滞在から数日、そんな話をI2CNERのPetros Sofronis所長(UIUCの教授でもある)にしたところ、
「お前バカか」と。
その週末、所長にWalmart(複合ショッピングモールよろしく、めちゃめちゃでかい!)に強制連行、もとい連れていってもらい、毛布をようやくゲット、アパートでの生活もようやく人並みにできるようになった。

さて、UIUCでのテーマである「燃焼」の話に取り組み始めたのは2017年。

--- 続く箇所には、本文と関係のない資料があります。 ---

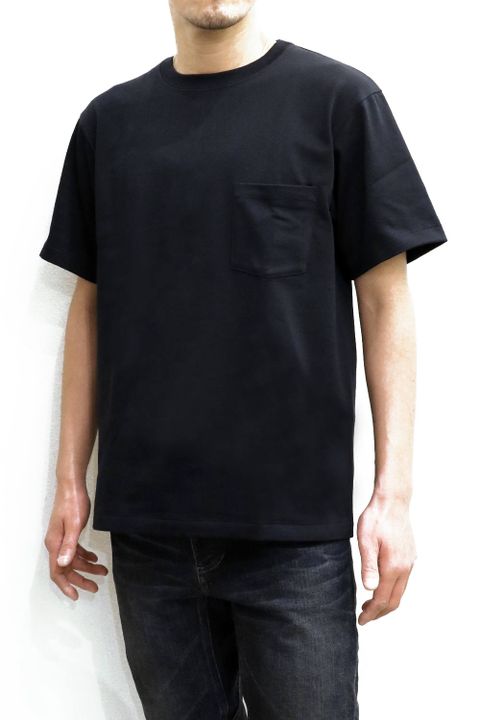 N.HOOLYWOOD UNDER SUMMIT WEAR 16RCH CREW NECK SHORT SLEEVE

最初は車のエンジン内の炎のモデルとなっている「球状伝播乱流火炎」の数理解析をやる予定で、今回の長期滞在の1年前から論文を読み漁り、モデル導出と数値計算をずっと試みていたが、そもそも先行結果の再現すらまともにできず立ち往生、Matalon教授やその博士課程学生であるShikhar Mohan氏との議論も虚しく、完全に迷宮入りした。このままだと滞在期間を棒に振ってしまう。これはまずい。それを見かねたMatalon教授が「別のネタがあるけどそっちやってみる?」との提案。これまでの取り組みをほぼ捨てることになるが、1日だけ考えて返事。

「やります」

そこで取り組み始めたのが「火炎伝播における重力の効果」の考察。これまで教授の研究室で考案・考察されてきた炎の「流体力学モデル」に、重力に伴う外力を付け加えただけ。数理的にはこれだけの差なのだが、Matalon教授曰く「何が起こるかわからない」と。Navier-Stokes方程式をベースとした炎のダイナミクスの計算コードはMohan氏にアレンジしてもらい、自分はその数値計算と数学的単純化モデルである”Sivashinksy型方程式”の考察を行った。

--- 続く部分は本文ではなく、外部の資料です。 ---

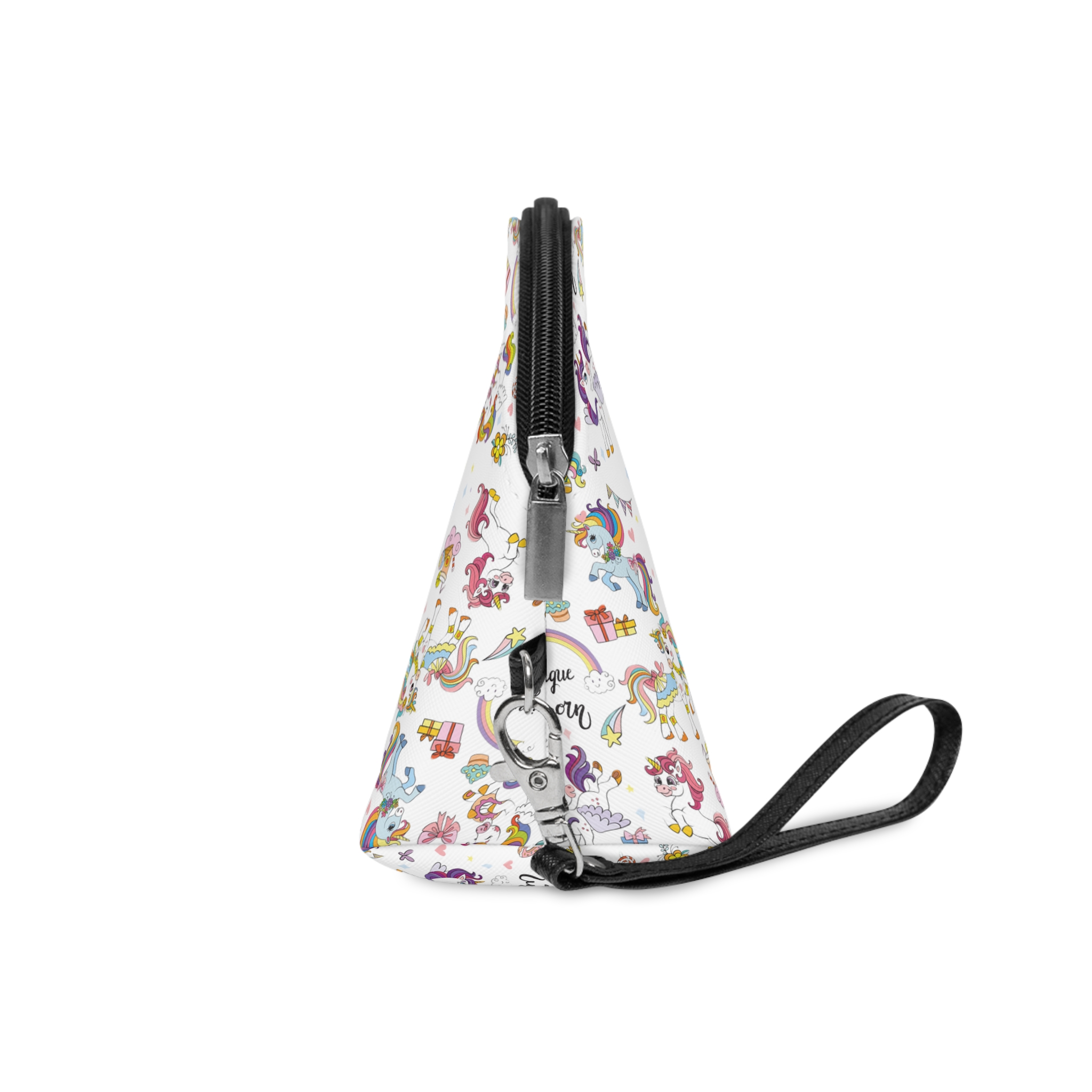 Unicorn V862 Makeup Bag - Image 3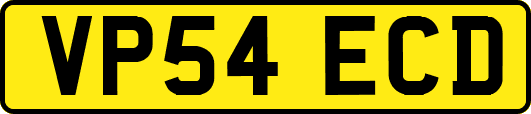 VP54ECD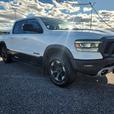 2019 RAM 1500 Rebel thumbnail image 2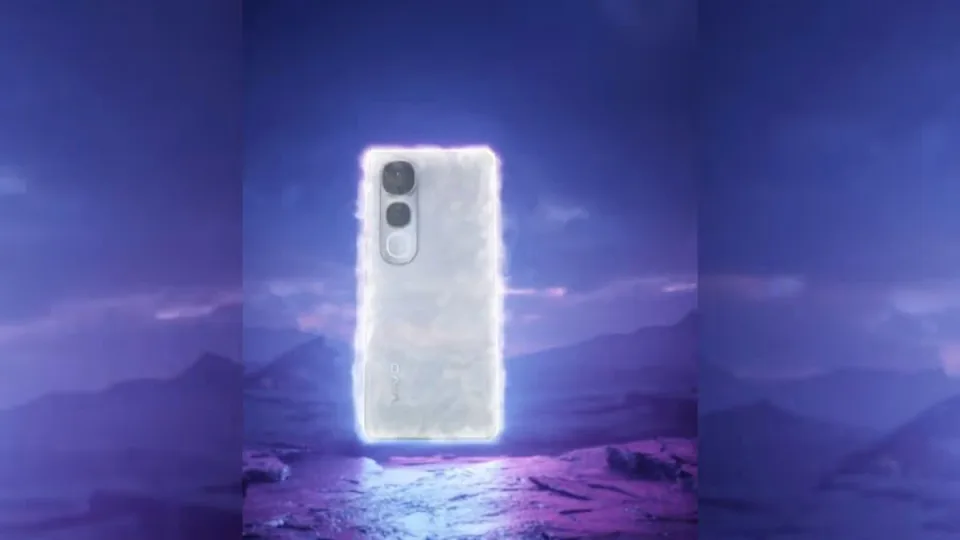 Paaiškėjo, kokiomis savybėmis pasižymės „Vivo Y400 Pro“ išmanusis telefonas, pristatymas jau netrukus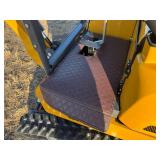 Mini Excavator QK20R RATO 23HP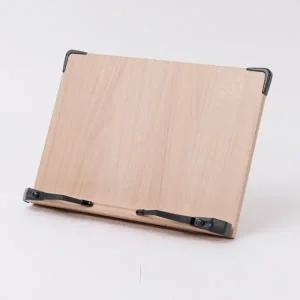 프라임 1단 독서대 P34 책받침대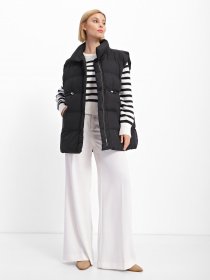 Утеплений жилет Braska модель 71-2080/301 Фото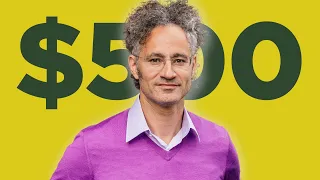 Palantir CEO Alex Karp Leaves CNBC Interviewer SPEECHLESS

既存研究にアレンジを少し加えただけのモデルの解析なのだが、正しい計算をやっているか徐々にわからなくなってきた。というのも、アレンジである「重力」の効果の有無で炎の振る舞いが全然違う。またこれが致命的なのだが、先行研究が極僅かしかない。あくまで「燃焼」の研究なので、実際の炎の振る舞いと見比べて妥当性を判断して然るべきなのだが、そもそも重力を考察の軸にした実験が非常に限られている。調べてみるとそれもそのはず、炎は考慮するべき物理的・化学的・工学的因子が非常に多いために各現象に支配的な因子を判断しづらく、こと重力となると「無重力 vs. 重力」を考慮しなければならない。すると、比較のための実験場所は必然的に宇宙、あるいは高高度で放物線飛行を繰り返す飛行機の中となる。つまり、実験コストが桁外れ。そんな事実を知るにつれ、このネタが燃焼の基礎原理の理解に非常に大きく貢献し得るものだと認識を改めるようになった。

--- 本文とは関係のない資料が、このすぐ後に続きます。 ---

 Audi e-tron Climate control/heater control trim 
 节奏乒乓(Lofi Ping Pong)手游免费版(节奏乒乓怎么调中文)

ここから「破竹の勢いで研究が進む」となれば理想的ではあるが、実際は一進一退、いや一歩進んで二歩下がっていたのがほとんどか。元々バックグラウンドがない分野にガチンコ勝負を挑むと、こういう時精神的に堪える。チーム3人が3人とも退っ引きならない事態に何度も遭いつつ、滞在最終月にはMatalon教授の研究室で培ってきた技術を用いた研究を、外でなんとか話せるほどの形にする。とはいえ、「これ、取り組むのが自分でなくても良かったのでは?」という、自分がネタをやる時によく陥るモヤモヤ感はどうしても拭えず。
そんな中、滞在終了3週間前、「自分の色」を全面に押し出せる気付きをようやく得る。
そこからは寝る間を惜しんで一気に進め、先の研究ネタと組み合わせる事で、炎の一側面を見出す結果を取りまとめる事ができた。近年応用数理学会、燃焼学会など様々な場所で喋っている「炎の話題」はこの時できたものである。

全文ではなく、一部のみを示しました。